In this study, the short-text categorization was performed using PyShortTextCategorization of short-text categorization written in Python (available at https://github.com/stephenhky/PyShortTextCategorization) as an implementation of the CNN (Fig. 2). This module is a collection of algorithms for the multi-class classification to short texts using Python, Keras, and Tensorflow as the backend.
Fig. 2

Model architecture with two channels for the routine or tumor protocols of the musculoskeletal MRI

The deep neural networks with Word-Embedding were performed with neural network algorithms of supervised short text using PyShortTextCategorization of short-text categorization. Each class label contained short sentences and each token was converted to an embedded vector given by a pre-trained word-embedding model (Word2Vec model of Google news vectors available at https://github.com/mmihaltz/word2vec-GoogleNews-vectors/blob/master/GoogleNews-vectors-negative300.bin.gz). The input short sentences in the training set were processed by a matrix for data training. The predictive input short sentences in the test set were converted to unit vectors in the same way. The scores were calculated according to the trained neural network model and the higher scores of MRI protocols (routine or tumor protocols) were reported. The neural network for supervised learning was used as the convolutional neural network (ConvNet), as demonstrated in Ref. [9].

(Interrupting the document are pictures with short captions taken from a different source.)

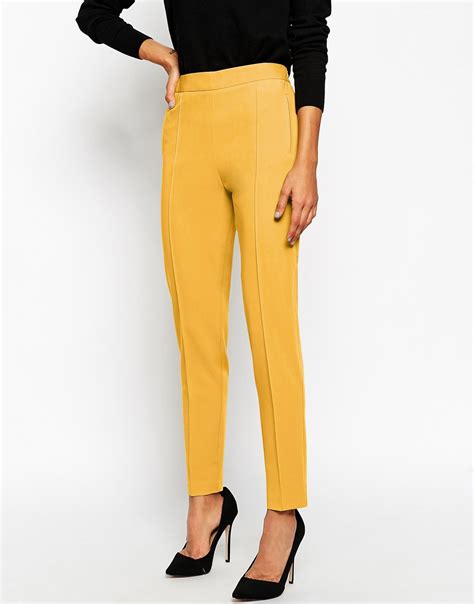 Asos Trousers With High Waist In Yellow Lyst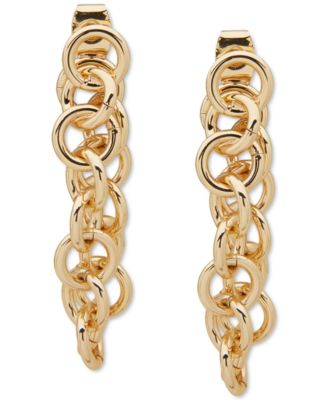 Anne Klein - Gold-Tone Link Chain Front Back Hoop Earrings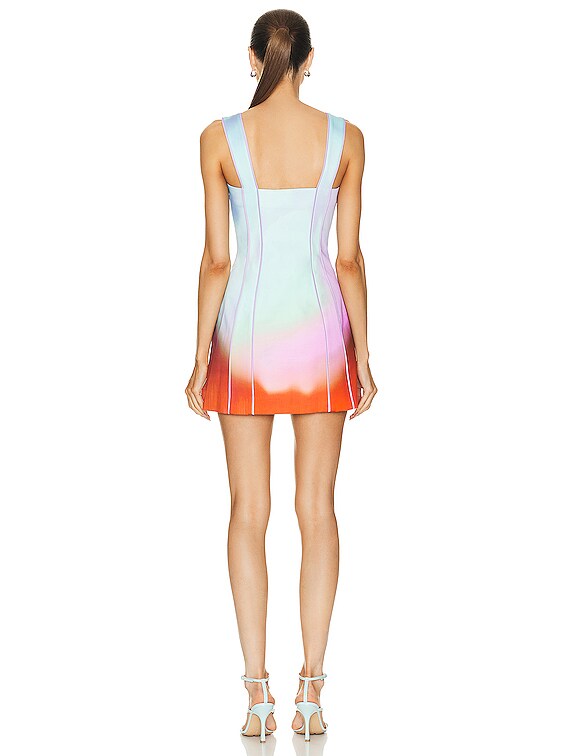 SIMKHAI Lucille Sateen Surreal Print Dress in Hot Coral | FWRD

Training for Protocol Determination Model

The prepared 5258 MRI examinations were included with an epoch number of 100 during training. The CNN Embedded vector classifier was used [9] with the Word2Vec of Google news vectors. The Word2Vec model is a pre-trained Google News model of 3 billion running words, consisting of 3 million 300-dimension English word vectors. A trained model of ConvNet was made that was a supervised learning of the convolutional neural network, as demonstrated in Ref. [9]: CNNWordEmbed(nb_labels, wvmodel = pre-trained GoogleNews Word2Vec model, nb_filters=1200, n_gram=2, maxlen=15, vecsize=100, cnn_dropout=0.0, final_activation='softmax', dense_wl2reg=0.0, dense_bl2reg=0.0, optimizer='adam’', with_gensim=false).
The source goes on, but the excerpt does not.